Edward vit la jeune femme ouvrir la bouche, mais pourtant aucun son n'en sortit. Elle referma ses lèvres et se repositionna dans ses bras. Connaissant le caractère têtu de Bella, il trouva étrange qu'elle n'insiste pas davantage. Peut-être se doutait-elle que le sujet était encore trop sensible pour lui ? Ou bien, elle avait peur de savoir ce qui s'était réellement passé dans cette maison abandonnée ? Le jeune homme secoua la tête, espérant ainsi chasser ses sombres pensées.
-Papa !
Un sourire se dessina sur son visage, Stefan, il arrivait toujours à point nommé pour lui redonner courage et lui communiquer sa force. Son fils ne tarda pas à arriver en courant, il s'arrêta à quelques pas d'eux, hésitant à les rejoindre. Bella voulut quitter ses bras, mais il la retint.

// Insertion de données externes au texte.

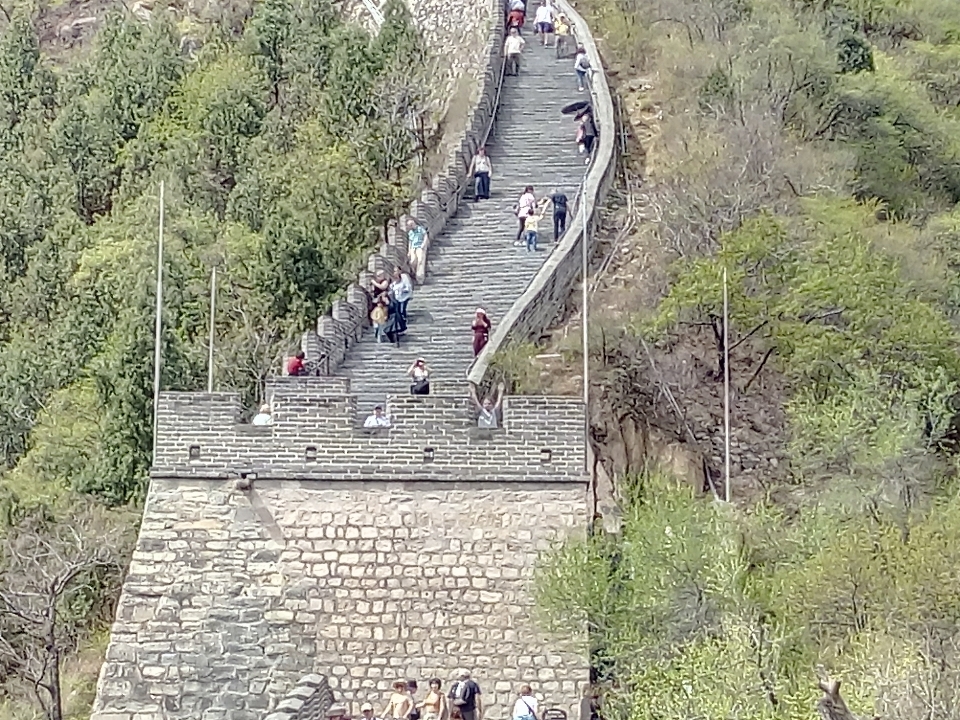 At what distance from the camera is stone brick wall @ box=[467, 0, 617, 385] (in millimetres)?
24078

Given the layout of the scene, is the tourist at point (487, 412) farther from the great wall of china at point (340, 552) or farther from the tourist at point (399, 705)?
the tourist at point (399, 705)

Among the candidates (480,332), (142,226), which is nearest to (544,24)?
(142,226)

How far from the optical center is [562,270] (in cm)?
2648

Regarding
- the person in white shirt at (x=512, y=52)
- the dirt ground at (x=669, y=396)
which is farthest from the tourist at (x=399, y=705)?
the person in white shirt at (x=512, y=52)

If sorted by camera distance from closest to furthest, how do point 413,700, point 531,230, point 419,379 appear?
point 413,700 < point 419,379 < point 531,230

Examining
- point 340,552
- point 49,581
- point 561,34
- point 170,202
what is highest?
point 561,34

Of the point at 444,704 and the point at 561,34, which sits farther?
the point at 561,34

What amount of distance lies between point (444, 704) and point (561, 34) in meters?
20.6

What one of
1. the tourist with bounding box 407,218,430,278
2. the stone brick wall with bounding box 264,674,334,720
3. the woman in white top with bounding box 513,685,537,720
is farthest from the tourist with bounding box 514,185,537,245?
the stone brick wall with bounding box 264,674,334,720

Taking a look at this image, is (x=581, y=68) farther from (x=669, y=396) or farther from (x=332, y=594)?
(x=332, y=594)

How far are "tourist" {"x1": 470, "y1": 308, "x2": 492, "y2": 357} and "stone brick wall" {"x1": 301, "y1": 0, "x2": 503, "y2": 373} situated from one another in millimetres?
1506

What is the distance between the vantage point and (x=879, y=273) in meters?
26.3

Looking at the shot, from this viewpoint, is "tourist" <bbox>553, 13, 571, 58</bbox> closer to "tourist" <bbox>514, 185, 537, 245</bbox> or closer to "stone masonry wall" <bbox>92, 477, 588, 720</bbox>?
"tourist" <bbox>514, 185, 537, 245</bbox>

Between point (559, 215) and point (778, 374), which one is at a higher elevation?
point (559, 215) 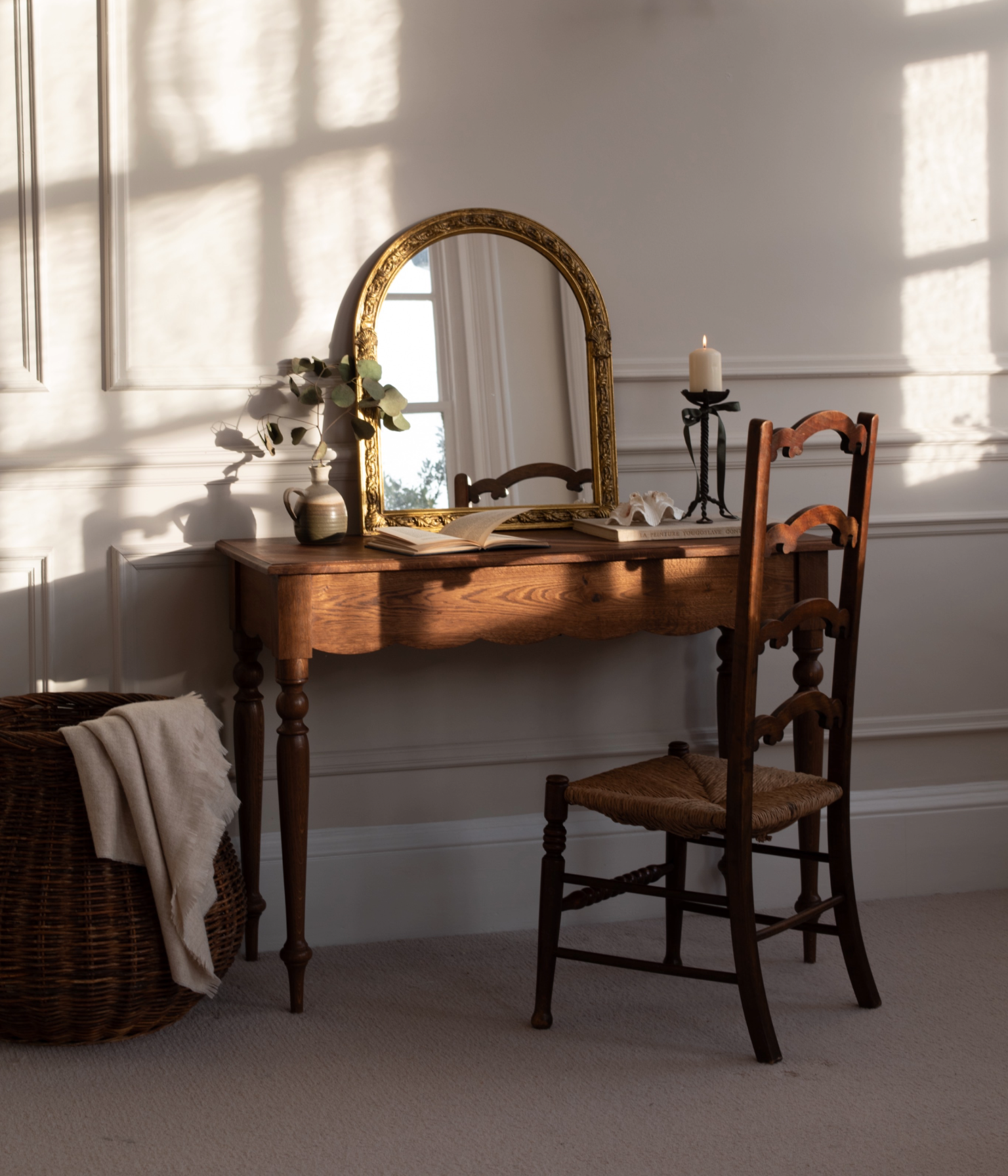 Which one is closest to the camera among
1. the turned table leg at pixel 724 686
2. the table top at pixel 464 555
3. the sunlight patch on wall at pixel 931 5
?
the table top at pixel 464 555

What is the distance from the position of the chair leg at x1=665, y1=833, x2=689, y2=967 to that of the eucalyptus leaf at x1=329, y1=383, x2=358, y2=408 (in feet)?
3.65

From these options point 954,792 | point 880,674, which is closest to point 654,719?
point 880,674

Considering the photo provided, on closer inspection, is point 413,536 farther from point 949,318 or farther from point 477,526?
point 949,318

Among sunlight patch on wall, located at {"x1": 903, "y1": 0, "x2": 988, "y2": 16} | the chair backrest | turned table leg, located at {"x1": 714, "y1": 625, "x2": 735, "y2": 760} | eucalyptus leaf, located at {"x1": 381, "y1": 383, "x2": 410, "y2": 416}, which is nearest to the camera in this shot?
the chair backrest

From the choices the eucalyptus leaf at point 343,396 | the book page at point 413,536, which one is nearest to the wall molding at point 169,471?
the eucalyptus leaf at point 343,396

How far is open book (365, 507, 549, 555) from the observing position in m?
2.04

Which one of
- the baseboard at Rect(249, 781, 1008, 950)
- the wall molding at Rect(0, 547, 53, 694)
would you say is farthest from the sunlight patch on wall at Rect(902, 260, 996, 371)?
the wall molding at Rect(0, 547, 53, 694)

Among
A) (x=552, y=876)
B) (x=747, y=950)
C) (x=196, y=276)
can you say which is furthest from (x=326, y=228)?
(x=747, y=950)

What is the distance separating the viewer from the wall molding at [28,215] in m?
2.31

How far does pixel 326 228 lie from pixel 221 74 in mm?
385

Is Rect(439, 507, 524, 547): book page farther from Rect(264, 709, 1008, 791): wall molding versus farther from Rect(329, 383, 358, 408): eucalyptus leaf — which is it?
Rect(264, 709, 1008, 791): wall molding

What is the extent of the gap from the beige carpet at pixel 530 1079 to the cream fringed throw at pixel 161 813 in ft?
0.68

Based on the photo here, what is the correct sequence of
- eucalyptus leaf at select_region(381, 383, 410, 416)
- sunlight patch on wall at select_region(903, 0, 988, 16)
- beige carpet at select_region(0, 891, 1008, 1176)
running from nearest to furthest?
beige carpet at select_region(0, 891, 1008, 1176) → eucalyptus leaf at select_region(381, 383, 410, 416) → sunlight patch on wall at select_region(903, 0, 988, 16)

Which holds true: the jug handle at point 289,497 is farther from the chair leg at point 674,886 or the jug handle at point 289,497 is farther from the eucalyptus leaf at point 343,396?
the chair leg at point 674,886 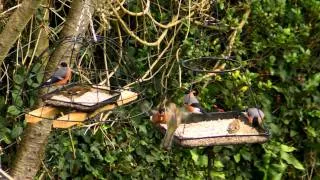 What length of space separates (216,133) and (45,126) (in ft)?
2.62

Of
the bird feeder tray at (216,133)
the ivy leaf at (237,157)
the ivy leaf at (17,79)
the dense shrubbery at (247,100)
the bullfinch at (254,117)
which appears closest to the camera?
the bird feeder tray at (216,133)

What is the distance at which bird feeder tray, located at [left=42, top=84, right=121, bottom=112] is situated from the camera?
2088 mm

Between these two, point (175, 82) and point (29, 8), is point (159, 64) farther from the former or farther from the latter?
point (29, 8)

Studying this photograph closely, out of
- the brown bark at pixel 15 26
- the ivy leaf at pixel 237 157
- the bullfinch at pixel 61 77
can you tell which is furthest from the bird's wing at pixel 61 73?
the ivy leaf at pixel 237 157

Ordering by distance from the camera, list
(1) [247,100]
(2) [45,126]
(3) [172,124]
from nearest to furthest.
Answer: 1. (3) [172,124]
2. (2) [45,126]
3. (1) [247,100]

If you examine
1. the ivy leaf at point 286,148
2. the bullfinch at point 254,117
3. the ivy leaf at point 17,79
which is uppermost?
the ivy leaf at point 17,79

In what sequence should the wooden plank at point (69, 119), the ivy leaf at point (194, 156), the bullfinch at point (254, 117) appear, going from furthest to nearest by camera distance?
the ivy leaf at point (194, 156) < the bullfinch at point (254, 117) < the wooden plank at point (69, 119)

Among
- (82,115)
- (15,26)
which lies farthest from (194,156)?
(82,115)

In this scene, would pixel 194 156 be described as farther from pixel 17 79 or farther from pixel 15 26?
pixel 15 26

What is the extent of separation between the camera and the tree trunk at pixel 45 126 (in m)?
2.72

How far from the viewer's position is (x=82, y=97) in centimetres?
220

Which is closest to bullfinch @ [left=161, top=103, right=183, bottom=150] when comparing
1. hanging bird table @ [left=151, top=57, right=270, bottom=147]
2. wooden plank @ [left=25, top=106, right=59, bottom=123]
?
hanging bird table @ [left=151, top=57, right=270, bottom=147]

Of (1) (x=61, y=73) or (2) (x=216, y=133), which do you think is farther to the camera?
(2) (x=216, y=133)

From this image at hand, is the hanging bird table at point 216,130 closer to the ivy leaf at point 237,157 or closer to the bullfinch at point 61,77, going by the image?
the bullfinch at point 61,77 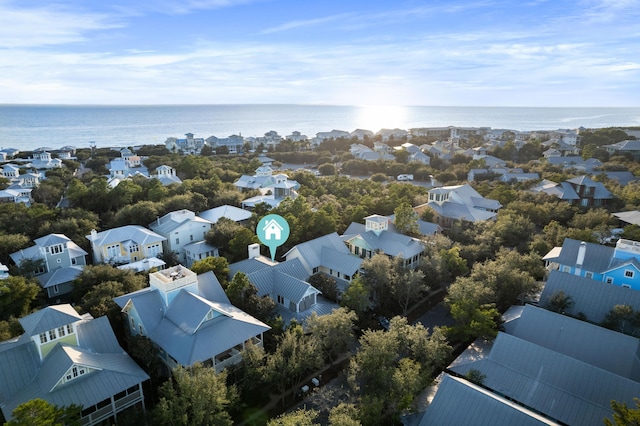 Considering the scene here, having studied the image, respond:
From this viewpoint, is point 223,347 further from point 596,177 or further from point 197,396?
point 596,177

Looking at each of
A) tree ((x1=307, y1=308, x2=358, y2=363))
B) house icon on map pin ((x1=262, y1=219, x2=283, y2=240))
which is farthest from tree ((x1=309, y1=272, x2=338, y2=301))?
house icon on map pin ((x1=262, y1=219, x2=283, y2=240))

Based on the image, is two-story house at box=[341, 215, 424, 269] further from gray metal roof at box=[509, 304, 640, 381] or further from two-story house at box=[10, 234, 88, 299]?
two-story house at box=[10, 234, 88, 299]

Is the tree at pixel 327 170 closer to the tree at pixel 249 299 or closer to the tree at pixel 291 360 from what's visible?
the tree at pixel 249 299

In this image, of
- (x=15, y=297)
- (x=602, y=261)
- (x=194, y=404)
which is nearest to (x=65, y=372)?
(x=194, y=404)

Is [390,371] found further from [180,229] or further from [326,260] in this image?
[180,229]

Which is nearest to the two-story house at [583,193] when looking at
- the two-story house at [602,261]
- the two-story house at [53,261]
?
the two-story house at [602,261]

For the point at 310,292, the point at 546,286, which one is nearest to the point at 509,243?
the point at 546,286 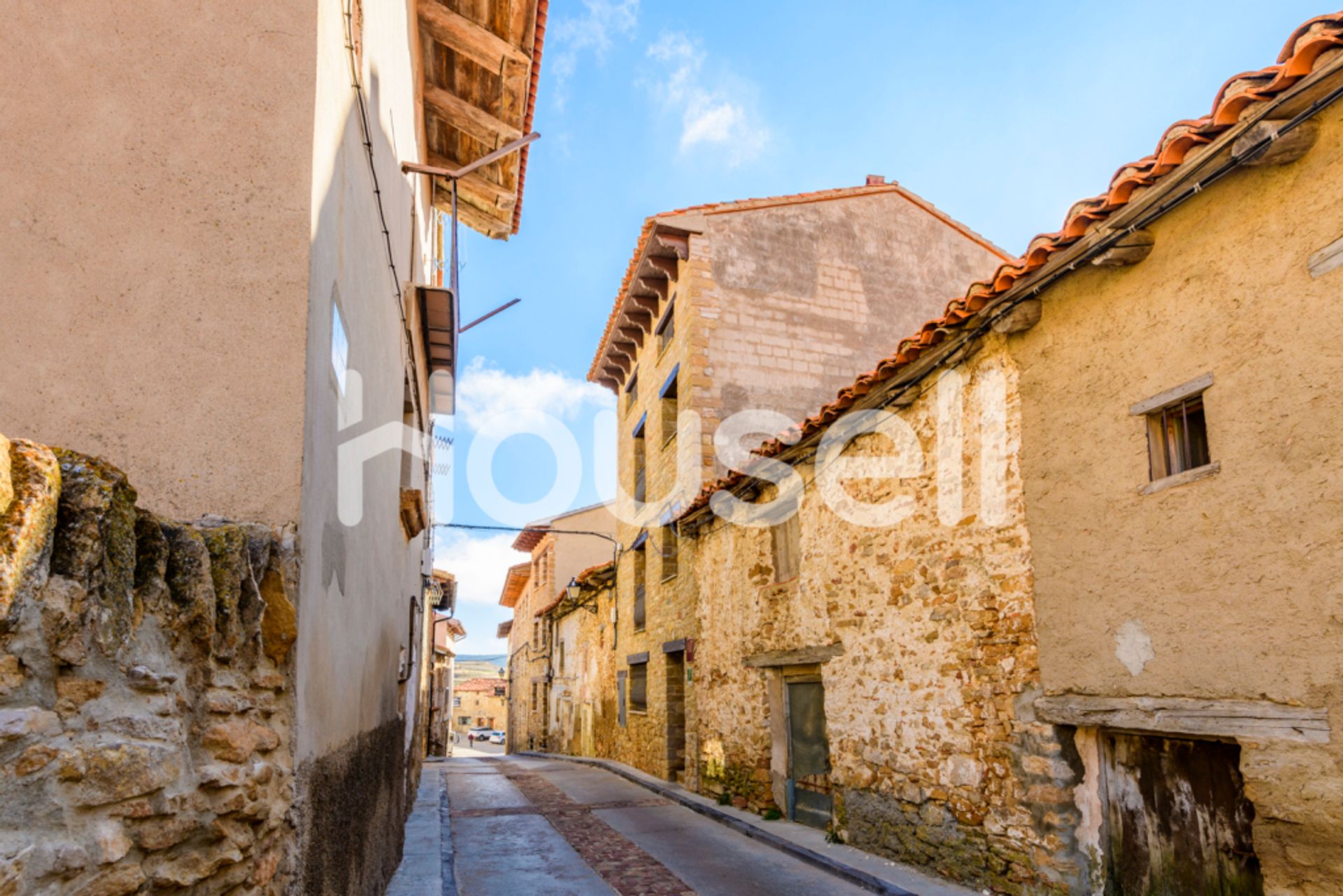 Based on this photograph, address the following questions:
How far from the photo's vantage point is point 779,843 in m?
9.03

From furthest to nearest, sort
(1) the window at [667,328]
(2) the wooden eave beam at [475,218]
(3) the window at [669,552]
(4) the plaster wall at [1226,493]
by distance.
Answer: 1. (1) the window at [667,328]
2. (3) the window at [669,552]
3. (2) the wooden eave beam at [475,218]
4. (4) the plaster wall at [1226,493]

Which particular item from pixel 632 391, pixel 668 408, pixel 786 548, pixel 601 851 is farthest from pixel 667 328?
pixel 601 851

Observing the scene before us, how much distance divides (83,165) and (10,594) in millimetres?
2264

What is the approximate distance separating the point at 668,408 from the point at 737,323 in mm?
2344

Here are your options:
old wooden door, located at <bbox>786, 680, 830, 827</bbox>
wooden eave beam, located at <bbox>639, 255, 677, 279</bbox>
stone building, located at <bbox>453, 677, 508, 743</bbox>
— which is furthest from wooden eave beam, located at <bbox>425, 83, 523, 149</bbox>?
stone building, located at <bbox>453, 677, 508, 743</bbox>

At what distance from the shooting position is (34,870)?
1.81 m

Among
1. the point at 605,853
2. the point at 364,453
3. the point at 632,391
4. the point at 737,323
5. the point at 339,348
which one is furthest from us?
the point at 632,391

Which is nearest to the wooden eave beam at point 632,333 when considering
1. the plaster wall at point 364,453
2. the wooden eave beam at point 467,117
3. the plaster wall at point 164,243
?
the wooden eave beam at point 467,117

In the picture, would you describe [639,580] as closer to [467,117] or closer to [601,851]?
[601,851]

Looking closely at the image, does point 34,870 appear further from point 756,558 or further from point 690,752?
point 690,752

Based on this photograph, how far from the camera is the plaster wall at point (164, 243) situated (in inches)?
125

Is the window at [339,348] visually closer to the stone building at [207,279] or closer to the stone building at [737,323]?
the stone building at [207,279]

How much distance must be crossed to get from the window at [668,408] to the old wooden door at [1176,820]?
10542mm

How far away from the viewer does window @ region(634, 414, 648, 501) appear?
17614 mm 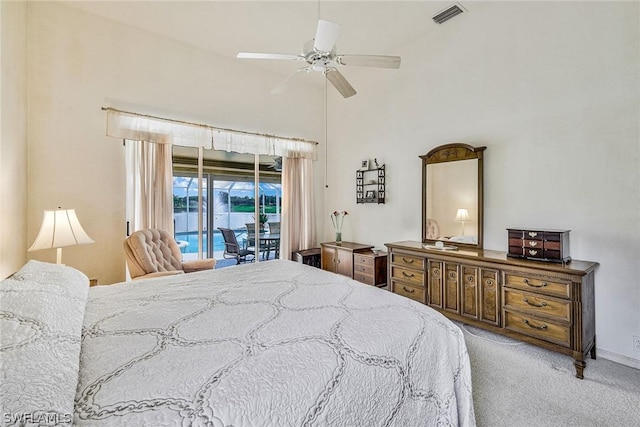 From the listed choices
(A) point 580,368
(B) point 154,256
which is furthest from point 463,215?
(B) point 154,256

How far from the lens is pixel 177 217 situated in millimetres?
3822

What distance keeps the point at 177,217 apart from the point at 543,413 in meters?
4.08

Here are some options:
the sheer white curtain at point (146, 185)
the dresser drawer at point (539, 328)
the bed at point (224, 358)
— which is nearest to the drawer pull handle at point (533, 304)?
the dresser drawer at point (539, 328)

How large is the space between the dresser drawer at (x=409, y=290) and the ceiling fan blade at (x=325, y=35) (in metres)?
2.58

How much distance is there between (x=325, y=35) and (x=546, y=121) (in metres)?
2.26

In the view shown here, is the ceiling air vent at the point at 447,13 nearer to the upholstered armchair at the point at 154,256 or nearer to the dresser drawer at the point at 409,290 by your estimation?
the dresser drawer at the point at 409,290

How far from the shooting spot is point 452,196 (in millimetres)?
3375

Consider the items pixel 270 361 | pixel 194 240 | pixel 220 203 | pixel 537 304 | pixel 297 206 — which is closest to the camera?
pixel 270 361

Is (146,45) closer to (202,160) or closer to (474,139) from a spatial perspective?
(202,160)

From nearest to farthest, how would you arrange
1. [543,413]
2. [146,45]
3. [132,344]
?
1. [132,344]
2. [543,413]
3. [146,45]

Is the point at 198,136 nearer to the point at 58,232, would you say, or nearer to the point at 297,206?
the point at 297,206

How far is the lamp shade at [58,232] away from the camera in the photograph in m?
2.40

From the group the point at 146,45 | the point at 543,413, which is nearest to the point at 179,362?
the point at 543,413

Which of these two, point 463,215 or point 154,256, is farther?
point 463,215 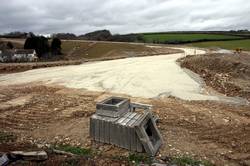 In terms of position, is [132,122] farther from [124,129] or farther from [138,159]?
[138,159]

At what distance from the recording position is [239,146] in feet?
24.7

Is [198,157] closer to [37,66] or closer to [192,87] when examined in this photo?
[192,87]

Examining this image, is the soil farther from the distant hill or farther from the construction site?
the distant hill

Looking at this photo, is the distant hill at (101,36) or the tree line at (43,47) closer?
the tree line at (43,47)

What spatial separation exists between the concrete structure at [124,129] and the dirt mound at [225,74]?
8238 mm

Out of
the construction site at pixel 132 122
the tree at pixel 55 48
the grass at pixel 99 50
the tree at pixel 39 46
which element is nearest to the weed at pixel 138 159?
the construction site at pixel 132 122

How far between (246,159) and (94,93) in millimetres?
9340

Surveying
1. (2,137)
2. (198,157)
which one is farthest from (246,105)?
(2,137)

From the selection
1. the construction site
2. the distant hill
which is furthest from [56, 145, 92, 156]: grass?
the distant hill

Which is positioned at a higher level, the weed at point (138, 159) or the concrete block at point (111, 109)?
the concrete block at point (111, 109)

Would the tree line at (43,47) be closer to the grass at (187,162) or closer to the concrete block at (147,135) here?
the concrete block at (147,135)

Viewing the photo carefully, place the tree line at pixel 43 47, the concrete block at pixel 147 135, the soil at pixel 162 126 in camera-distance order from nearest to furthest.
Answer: the concrete block at pixel 147 135 < the soil at pixel 162 126 < the tree line at pixel 43 47

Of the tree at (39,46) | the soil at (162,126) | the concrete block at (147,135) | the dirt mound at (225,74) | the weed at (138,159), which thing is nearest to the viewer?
the weed at (138,159)

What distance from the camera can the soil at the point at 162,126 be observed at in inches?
279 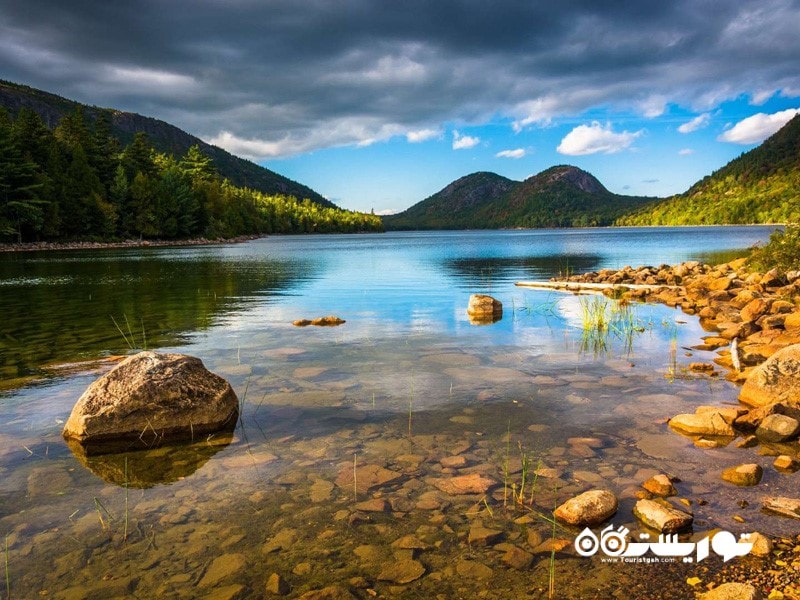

-Tu viens nous faire un câlin ?
Juste après lui avoir proposé de les rejoindre, Stefan afficha son plus beau sourire, il courut dans leur direction et sans ralentir il se jeta sur eux en riant. Ils le réceptionnèrent tant bien que mal, mais ils tombèrent à la renverse dans l'herbe. Tout en riant, ils se rassirent et Edward garda ses deux trésors dans ses bras. Ils restèrent ainsi un long moment, regardant les papillons, les oiseaux, écoutant Stefan babiller sur tout et n'importe quoi. Il se sentait enfin heureux et complet avec les siens, même si un coin de son esprit ne cessait de revivre son pire cauchemar.
-Papa ? On peut aller goûter ?
-Oui, bien sûr, accepta Edward en se relevant.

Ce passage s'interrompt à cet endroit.